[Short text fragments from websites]
--------

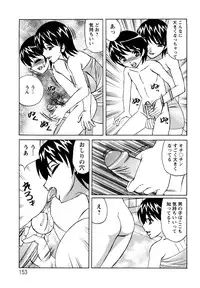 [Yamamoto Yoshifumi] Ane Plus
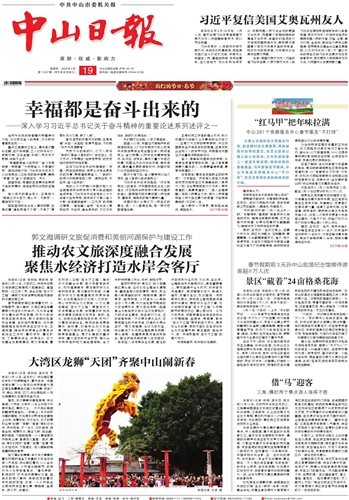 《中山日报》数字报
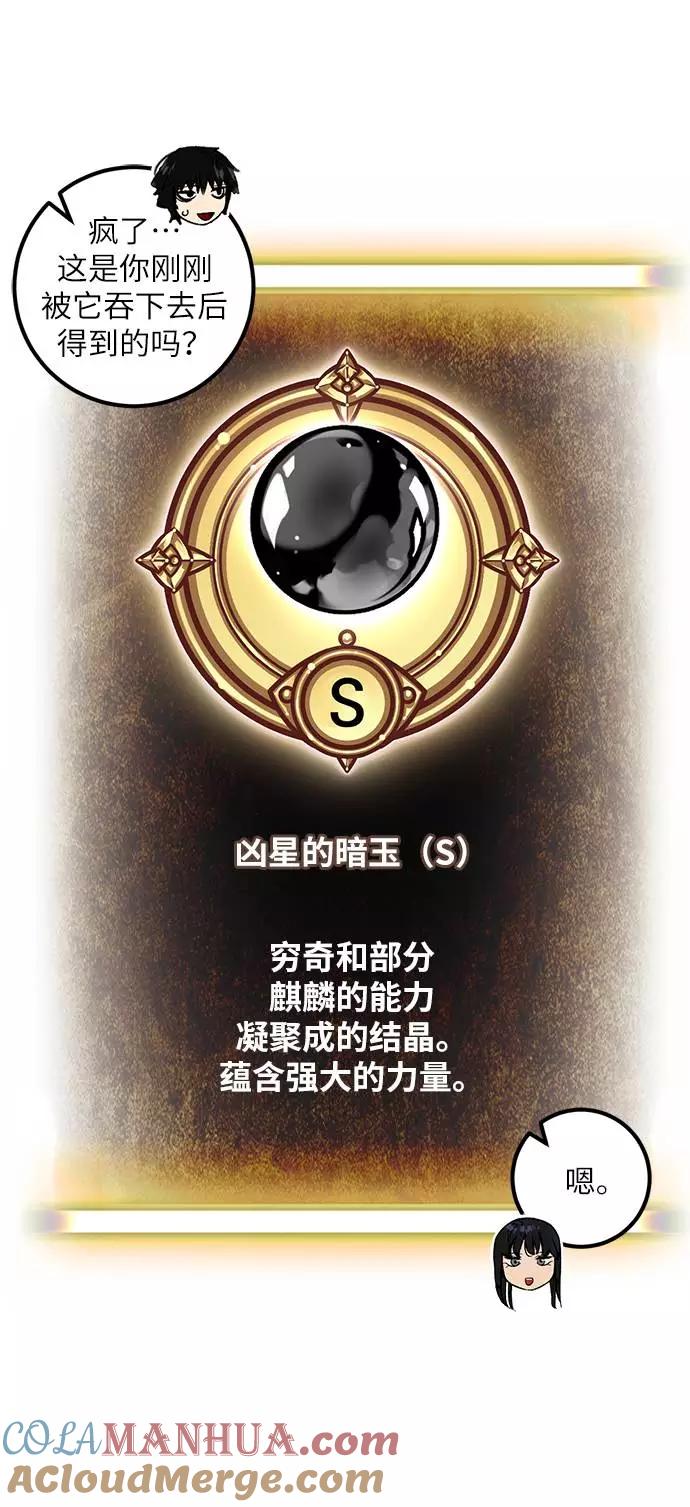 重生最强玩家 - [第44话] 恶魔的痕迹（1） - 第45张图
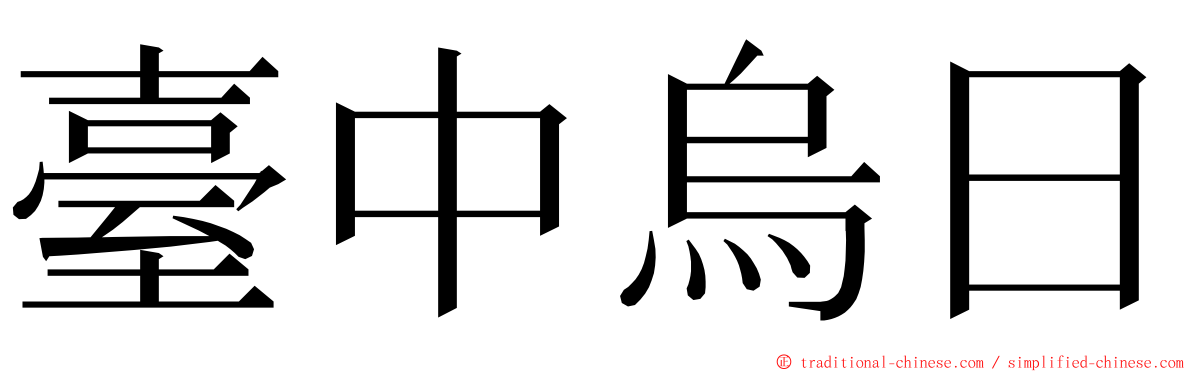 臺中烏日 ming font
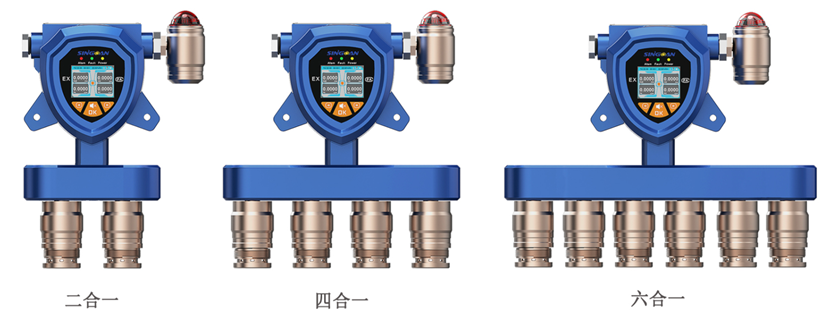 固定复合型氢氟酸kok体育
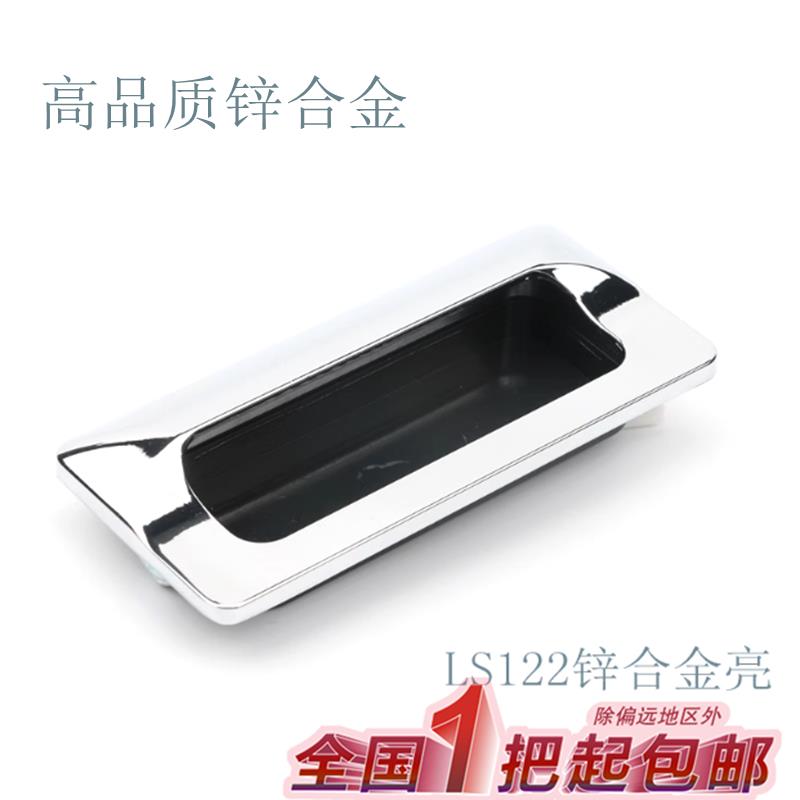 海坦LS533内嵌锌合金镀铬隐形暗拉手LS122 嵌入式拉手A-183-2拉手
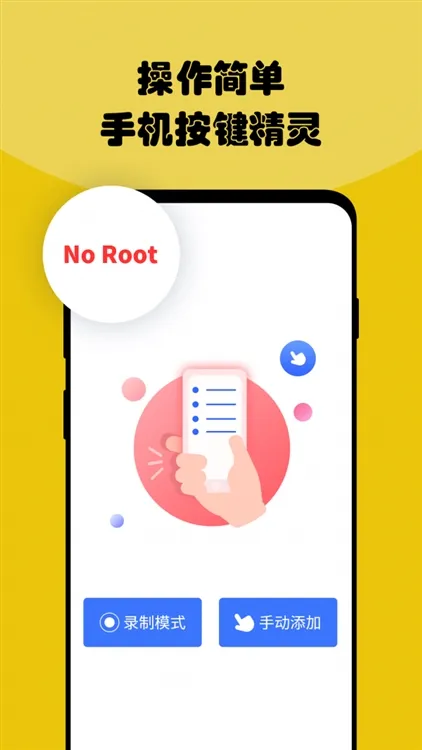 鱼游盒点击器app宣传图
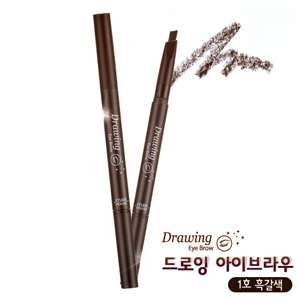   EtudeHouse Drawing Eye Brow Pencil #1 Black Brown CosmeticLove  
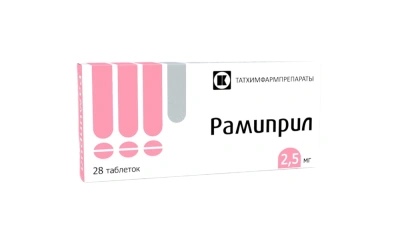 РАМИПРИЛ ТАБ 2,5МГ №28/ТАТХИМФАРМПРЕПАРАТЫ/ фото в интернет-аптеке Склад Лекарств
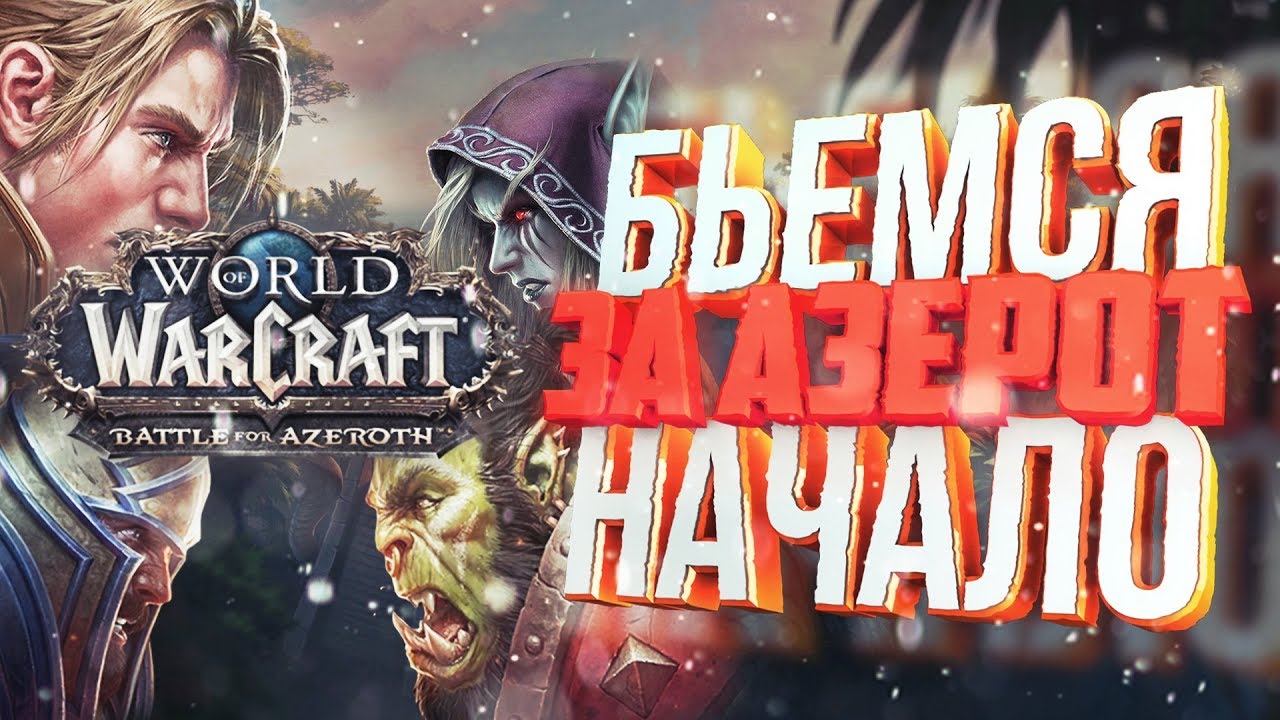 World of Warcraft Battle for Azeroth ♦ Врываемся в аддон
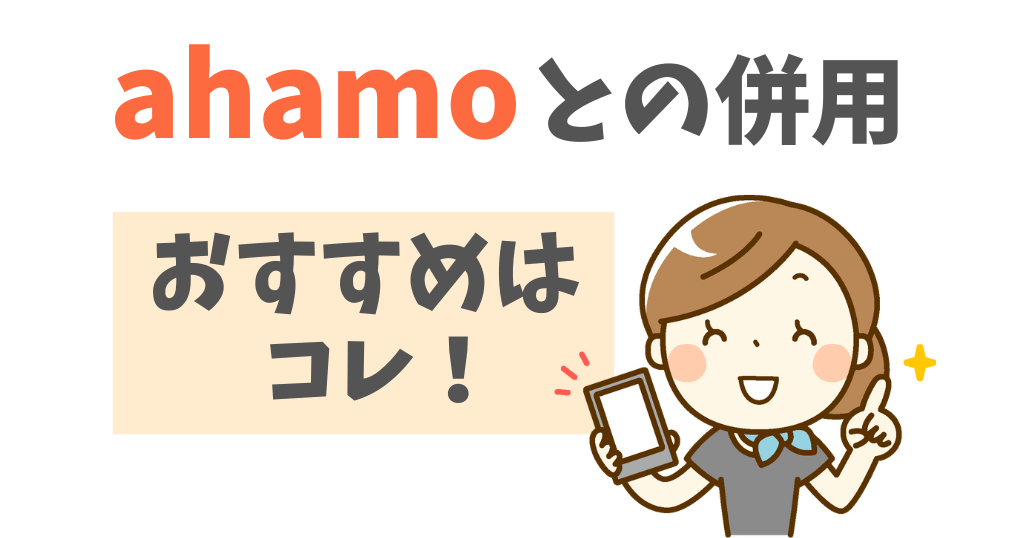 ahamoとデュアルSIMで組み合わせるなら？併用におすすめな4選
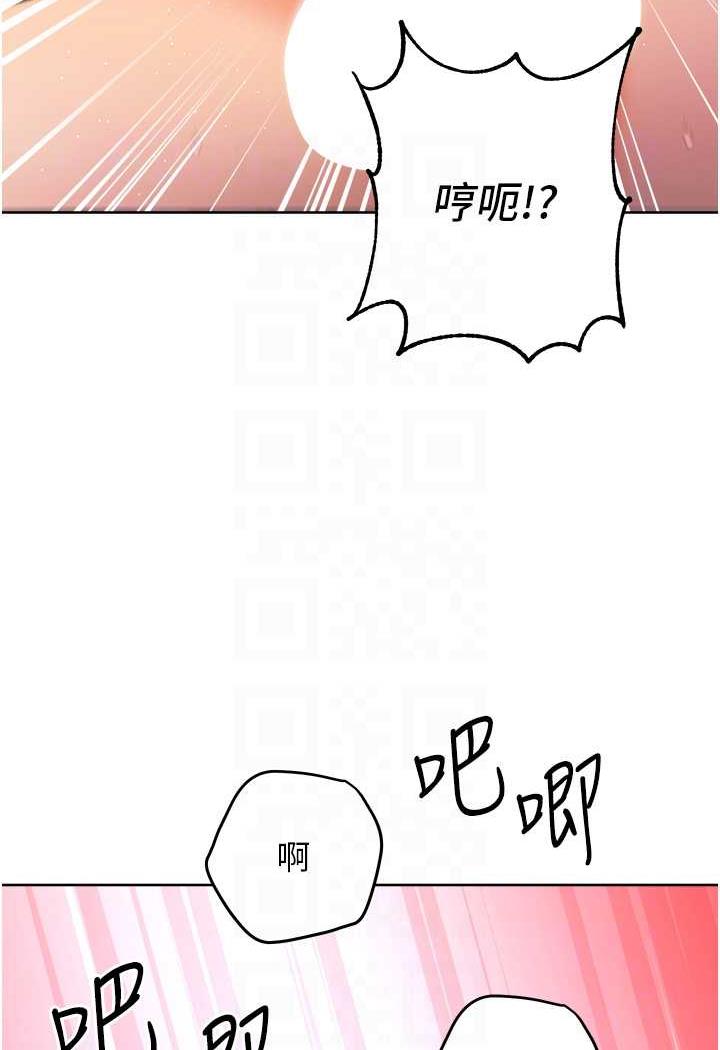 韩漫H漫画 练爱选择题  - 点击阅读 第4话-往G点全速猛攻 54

--------

> [Directions]:
Omit the pictures, then give all the lines above again exactly.

> [Final answer]:
 [Yamamoto Yoshifumi] Ane Plus
 《中山日报》数字报
 重生最强玩家 - [第44话] 恶魔的痕迹（1） - 第45张图
 臺中烏日 ming font
 固定复合型氢氟酸kok体育
 海坦LS533内嵌锌合金镀铬隐形暗拉手LS122 嵌入式拉手A-183-2拉手
 鱼游盒点击器app宣传图
   EtudeHouse Drawing Eye Brow Pencil #1 Black Brown CosmeticLove  
 РАМИПРИЛ ТАБ 2,5МГ №28/ТАТХИМФАРМПРЕПАРАТЫ/ фото в интернет-аптеке Склад Лекарств
 World of Warcraft Battle for Azeroth ♦ Врываемся в аддон
 ahamoとデュアルSIMで組み合わせるなら？併用におすすめな4選
 韩漫H漫画 练爱选择题  - 点击阅读 第4话-往G点全速猛攻 54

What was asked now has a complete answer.